Collected data entries ->
· · · ·
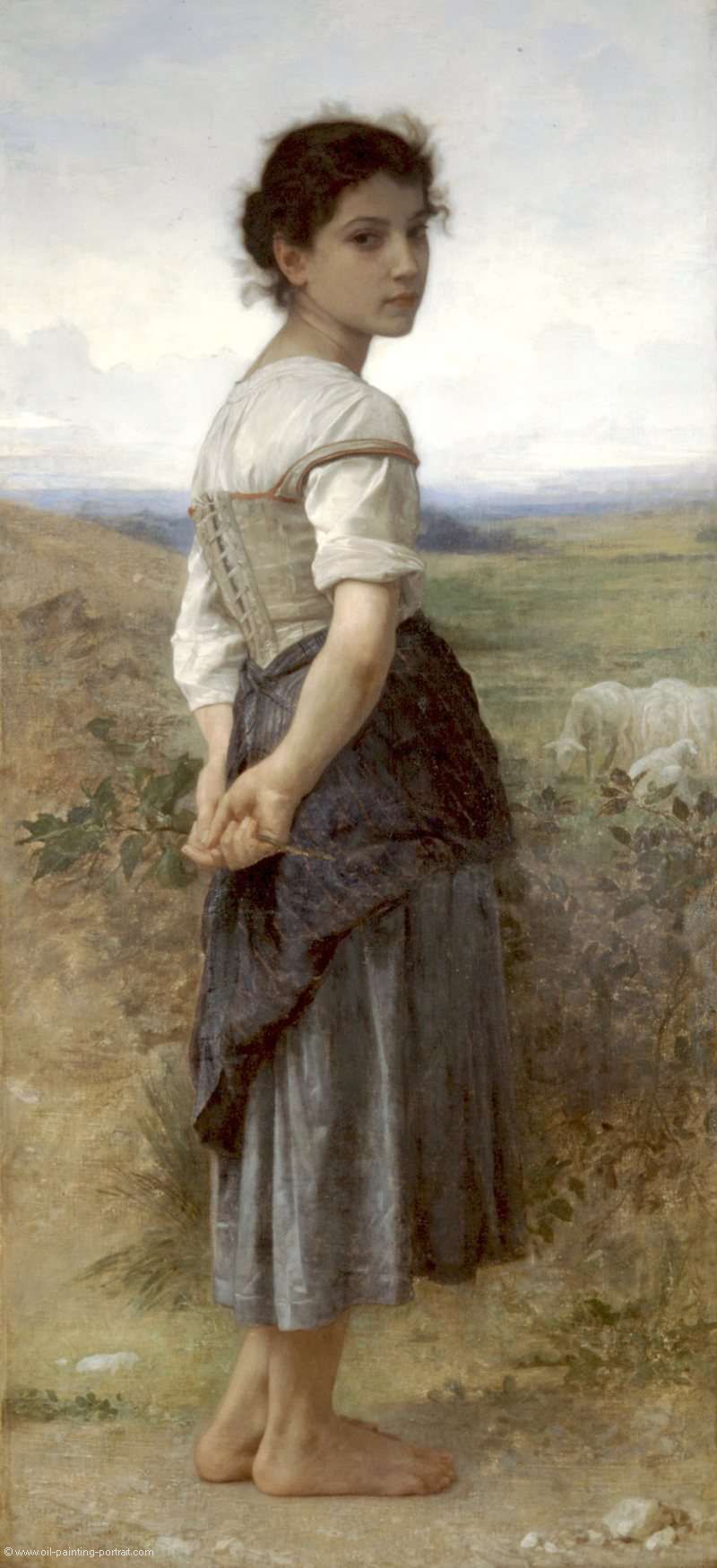 jeune bergere ca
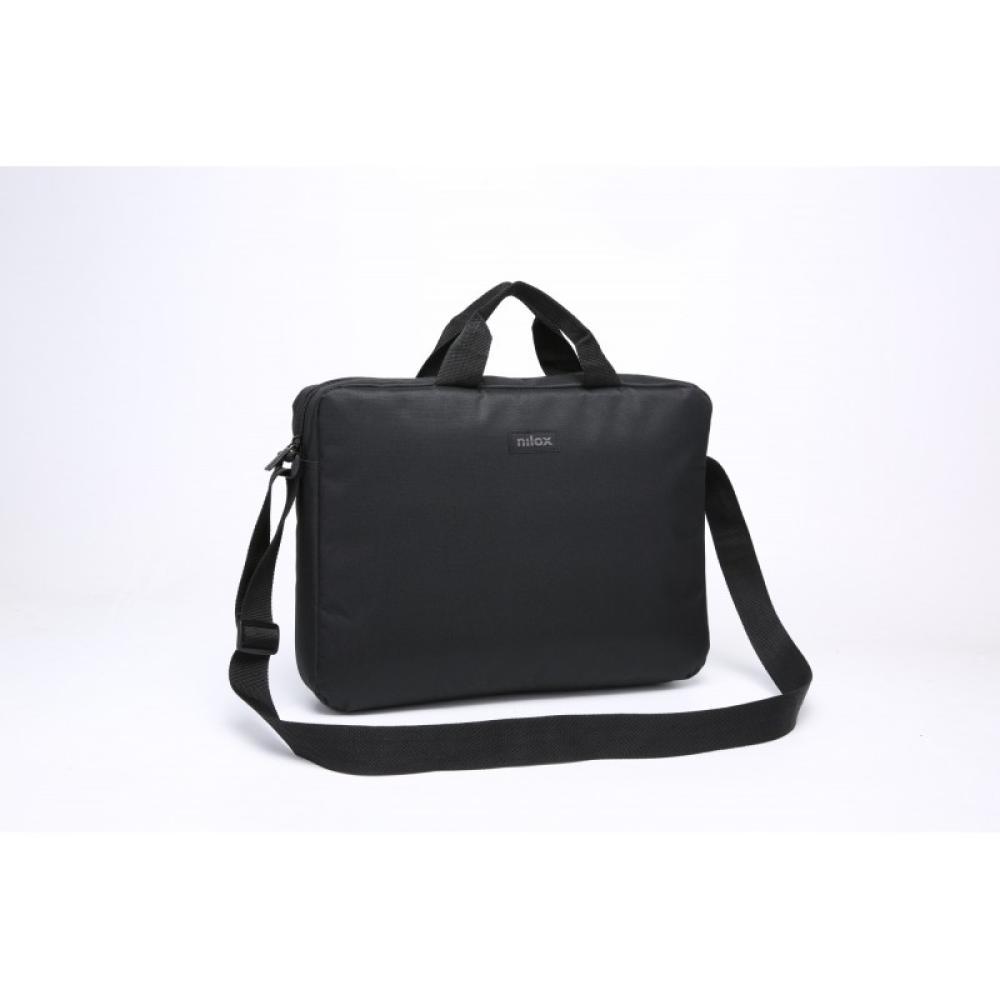 Nilox - MALETÍN BÁSICO PARA PORTÁTILES DE HASTA 15.6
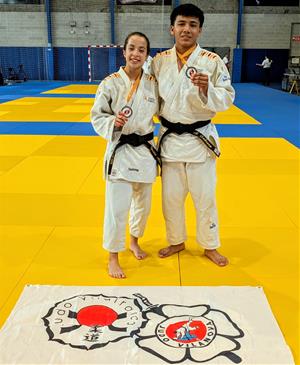 2 ors, 5 plates un bronze i un cinquè lloc per l'Escola de Judo Vilafranca-Vilanova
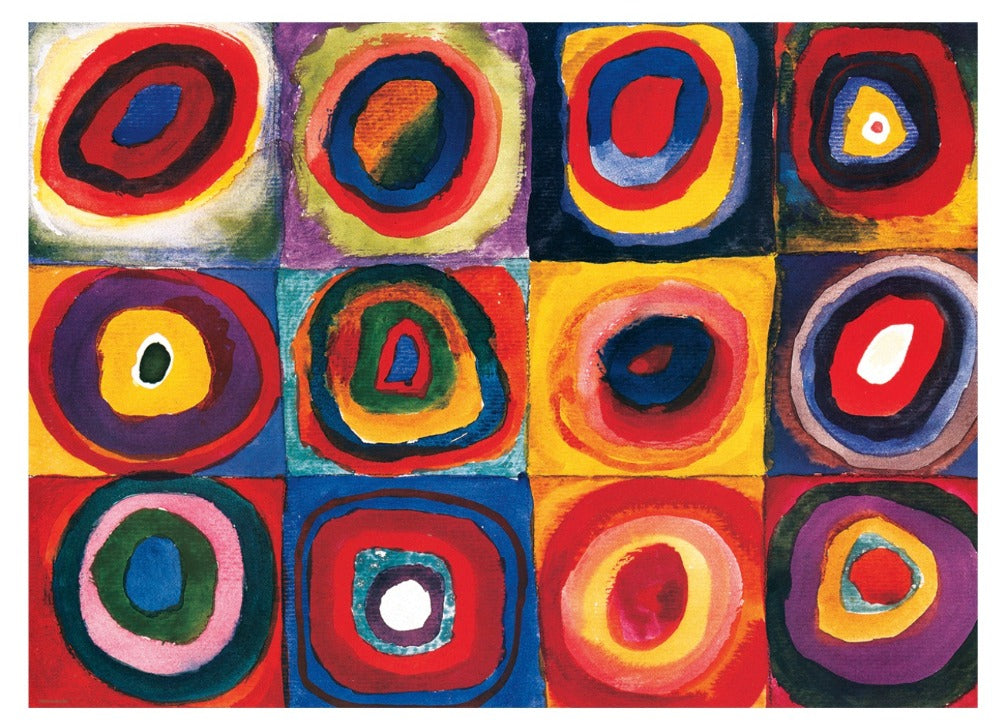 109. Color Study Puzzle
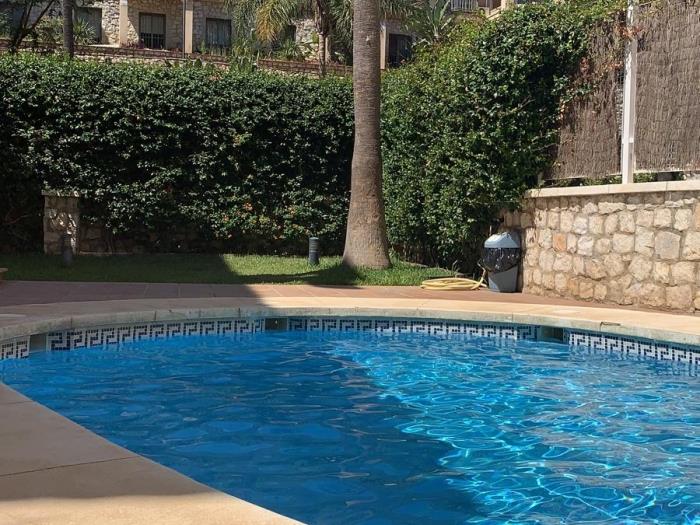 Larga duración : 3 dorm dúplex: gran terraza privada, parking en Benalmádena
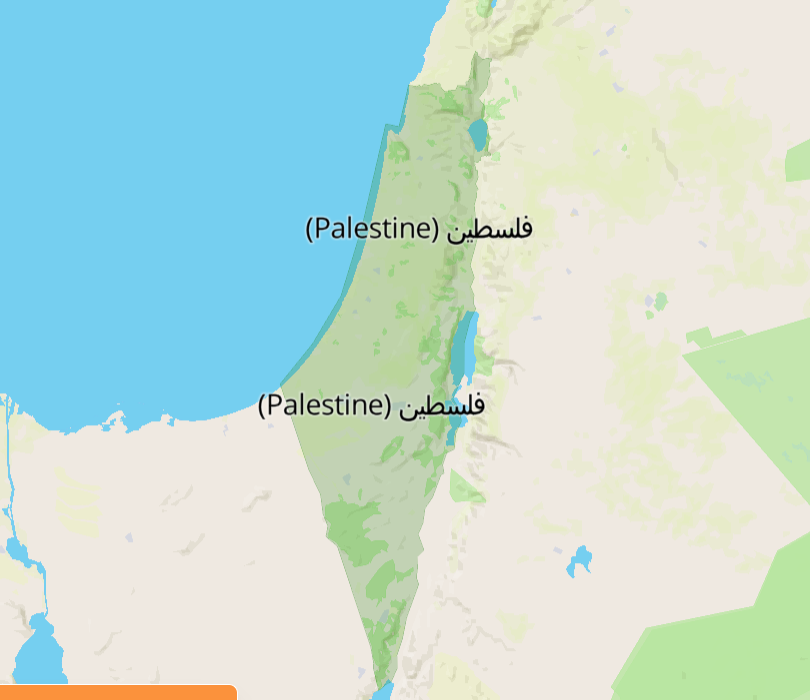 Largest Teachers Union Sends Members A Map Completely Erasing Israel - Revival Nation - Blog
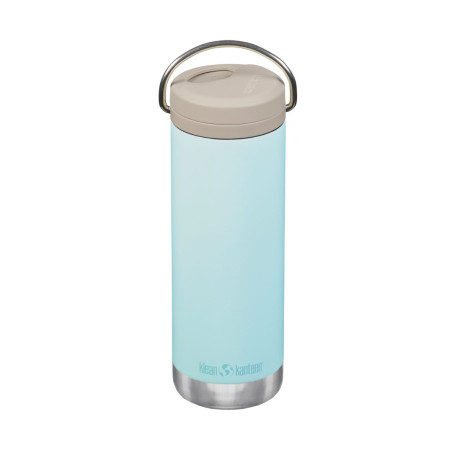 Термокружка Klean Kanteen TKWide Twist Cap, Blue Tint, 473 мл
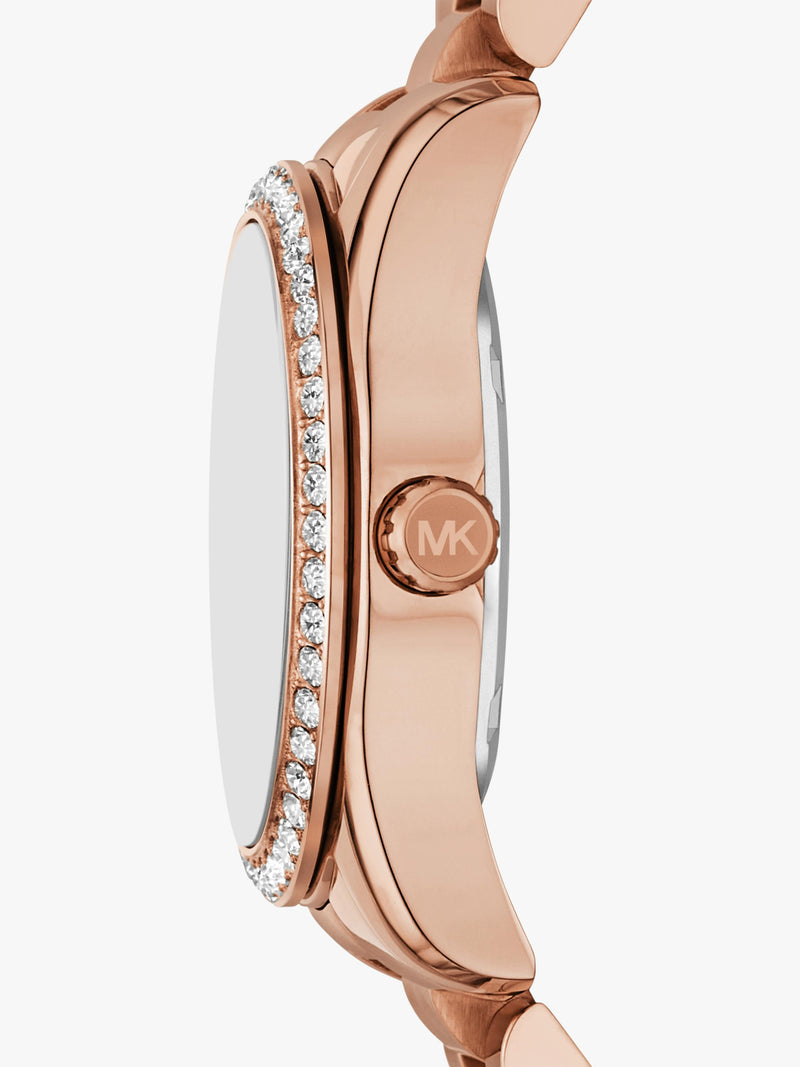 Michael Kors Lexington Lux 33mm blue dial, imported from the UK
· · · ·
Quote the data exactly, leaving every image out of the copy.

Exercise output ->
 jeune bergere ca
 Nilox - MALETÍN BÁSICO PARA PORTÁTILES DE HASTA 15.6
 2 ors, 5 plates un bronze i un cinquè lloc per l'Escola de Judo Vilafranca-Vilanova
 109. Color Study Puzzle
 Larga duración : 3 dorm dúplex: gran terraza privada, parking en Benalmádena
 Largest Teachers Union Sends Members A Map Completely Erasing Israel - Revival Nation - Blog
 Термокружка Klean Kanteen TKWide Twist Cap, Blue Tint, 473 мл
 Michael Kors Lexington Lux 33mm blue dial, imported from the UK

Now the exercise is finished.